Sen. Dianne Feinstein announced last week that she will not run for reelection, sounding the official starting gun for the 2024 campaign to succeed her in the Senate. As the race gets going, it probably makes sense to ask a fundamental question: What should Californians be looking for in their next U.S. Senator?
Feinstein’s storied career offers some clues.
Look, I’m biased. I had a front-row seat to her tenure in office, and I saw her at her peak. She was a force of nature. She viewed her job as solving problems for the people of California and the nation.
Her Senate colleagues lived in fear that she would buttonhole them on the Senate floor to get them to sign on to one of her priority bills. When she was trying to round up votes, she was relentless. How else do you think she was able to get the 1994 Federal Assault Weapons Ban passed over the virulent objections of the NRA? How else do you think she was able to publish the Senate Intelligence Committee’s torture report over the concerns of the CIA?

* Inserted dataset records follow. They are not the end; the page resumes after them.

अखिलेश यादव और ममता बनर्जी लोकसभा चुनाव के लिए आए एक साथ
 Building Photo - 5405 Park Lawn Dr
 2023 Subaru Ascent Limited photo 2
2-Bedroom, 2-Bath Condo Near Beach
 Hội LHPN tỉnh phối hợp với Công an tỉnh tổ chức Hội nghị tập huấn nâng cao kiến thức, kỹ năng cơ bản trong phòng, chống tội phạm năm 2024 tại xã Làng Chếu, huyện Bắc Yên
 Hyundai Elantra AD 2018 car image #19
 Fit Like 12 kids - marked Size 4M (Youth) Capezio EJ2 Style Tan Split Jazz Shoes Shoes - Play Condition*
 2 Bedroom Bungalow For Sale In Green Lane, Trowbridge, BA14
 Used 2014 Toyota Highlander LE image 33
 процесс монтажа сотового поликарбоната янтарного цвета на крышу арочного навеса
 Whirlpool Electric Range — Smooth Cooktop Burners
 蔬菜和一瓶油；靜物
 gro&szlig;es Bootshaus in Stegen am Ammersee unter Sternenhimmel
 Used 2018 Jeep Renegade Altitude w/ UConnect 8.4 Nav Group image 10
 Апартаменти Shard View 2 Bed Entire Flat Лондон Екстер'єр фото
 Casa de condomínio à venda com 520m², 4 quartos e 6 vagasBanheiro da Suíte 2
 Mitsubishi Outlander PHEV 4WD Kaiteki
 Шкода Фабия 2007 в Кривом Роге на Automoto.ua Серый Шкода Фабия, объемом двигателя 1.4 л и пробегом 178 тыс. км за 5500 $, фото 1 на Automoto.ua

Now some may say — and boy, do they — that her time has passed. That at 89 years old, she doesn’t understand the super-polarized politics fueled by cable news and social media bubbles. That may be true.
But Feinstein has a much deeper understanding of California than those pundits and advocates ever will. That’s why she was the state’s most popular politician — with approval ratings above 50% — until just a few years ago.
From my vantage point, it comes down to three things.
Feinstein is many things, but first and foremost she is a passionate advocate for the principles she holds dear. She’s led the fight for reproductive freedoms before, during and after the Roe era. More than anyone else, she has stood up against gun violence and for common-sense gun regulations. She passed legislation to increase fuel economy standards for automobiles and light trucks. She sponsored the reauthorization of the Violence Against Women Act and led the effort to successfully repeal the Defense of Marriage Act (which prevented the federal government from recognizing same-sex marriages) after being one of only 14 senators to vote against it in the first place.
Second, when it comes to fighting for the people of California, you must build alliances — and, yes, that includes with Republicans. The Senate is a small place. You can’t pass anything of consequence without 60 votes. So on the Lake Tahoe Restoration Reauthorization Act, she worked with Republican Sen. Dean Heller of Nevada to get it passed. On criminalizing cross-border tunnels from Mexico into the United States, she worked with Sen. Jon Kyl of Arizona. And on stopping the accessibility of precursor drugs needed to cook meth, she worked with Sen. Jim Talent of Missouri.
Finally, she never lost sight of why the people of California sent her to Washington. It certainly wasn’t to score points on Twitter. California faces enormous challenges. It is the size of 20 other states and the District of Columbia combined but only has two senators. The state needs an advocate who will work to stop global warming and fight for dollars to address the state’s water crisis and catastrophic fires; to make sure that there’s someone working day and night to make sure our nation is safe and our economy is strong.
Feinstein did all of that and more. As the curtain on her career draws to a close, we should remember why she was elected to the Senate six times. I’m hopeful that California will elect someone who brings the passion, the principles, the energy and the indefatigable work ethic that Feinstein brought (and still brings) to the office.
Scott Gerber is the former communications director for U.S. Sen. Dianne Feinstein and founder and partner of Vrge Strategies. He wrote this commentary for CalMatters.